China has developed its own ‘sustainable’ cotton certification scheme as part of its response to Western criticism of suspected forced labour in the Xinjiang province. According to Global Times, the move marks a watershed moment in the transformation of the global cotton rule-making system, which is now dominated by the West-led Better Cotton Initiative (BCI). China’s goal is to develop a self-sustaining, independent standard and certification system to offset the West’s supremacy.
The China Cotton Association (CCA) has formally inaugurated a new body, the Cotton China Sustainable Development Programme, according to the Global Times, a daily tabloid published by the Chinese Communist Party’s flagship People’s Daily newspaper. The organization’s goal is to combat the use of forced labour by imprisoned Uyghur Muslims in the region that supplies one-fifth of the world’s cotton. In recent months, China has seen a political and consumer reaction in response to publicly expressed concerns about the exploitation of forced labour by companies and the Better Cotton Initiative (BCI).
The Cotton China Sustainable Development Programme seeks to encourage sustainable cotton production while decreasing reliance on Western standards.
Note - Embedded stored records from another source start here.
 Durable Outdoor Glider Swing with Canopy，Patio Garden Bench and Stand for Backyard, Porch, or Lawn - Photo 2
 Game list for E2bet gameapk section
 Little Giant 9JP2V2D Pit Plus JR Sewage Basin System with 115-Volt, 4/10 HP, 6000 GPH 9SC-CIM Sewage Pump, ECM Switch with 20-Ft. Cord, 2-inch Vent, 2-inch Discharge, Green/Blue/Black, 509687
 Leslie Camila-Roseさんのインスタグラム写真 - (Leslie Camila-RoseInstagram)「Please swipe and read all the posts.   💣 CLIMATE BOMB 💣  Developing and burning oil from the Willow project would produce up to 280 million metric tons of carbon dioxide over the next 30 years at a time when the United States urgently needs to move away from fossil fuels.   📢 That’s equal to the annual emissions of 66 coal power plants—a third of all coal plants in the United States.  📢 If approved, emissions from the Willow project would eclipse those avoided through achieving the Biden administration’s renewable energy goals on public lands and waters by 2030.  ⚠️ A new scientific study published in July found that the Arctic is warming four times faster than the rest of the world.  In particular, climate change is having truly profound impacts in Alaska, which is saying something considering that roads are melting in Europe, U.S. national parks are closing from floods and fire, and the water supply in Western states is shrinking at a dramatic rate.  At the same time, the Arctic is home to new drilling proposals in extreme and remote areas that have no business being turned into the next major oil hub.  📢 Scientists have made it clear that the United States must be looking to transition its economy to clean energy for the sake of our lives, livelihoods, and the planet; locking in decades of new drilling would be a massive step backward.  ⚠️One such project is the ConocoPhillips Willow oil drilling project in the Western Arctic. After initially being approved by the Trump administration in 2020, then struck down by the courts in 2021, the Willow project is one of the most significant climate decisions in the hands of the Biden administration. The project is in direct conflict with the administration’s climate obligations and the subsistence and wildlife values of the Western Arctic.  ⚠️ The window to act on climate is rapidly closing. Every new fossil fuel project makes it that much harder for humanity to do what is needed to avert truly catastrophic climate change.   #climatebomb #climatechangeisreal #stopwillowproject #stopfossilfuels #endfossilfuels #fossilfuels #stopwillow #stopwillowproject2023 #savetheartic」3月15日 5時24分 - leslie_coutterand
According to ‘industry insiders,’ it would give China a considerable say in worldwide pricing and standard-setting. The ultimate goal, they said, was to “challenge the BCI’s guidelines” and promote China’s own sustainable cotton standard, while also enhancing global awareness of China-made textile and clothing.
The BCI has stated that it will collaborate with the textile supply chain and brands to create a sustainable cotton industrial chain spanning production, textile and clothing manufacture, and brand sales. China has been putting pressure on it since it announced its withdrawal from the Xinjiang province last October, citing worries about the use of forced labour by Uyghur Muslims.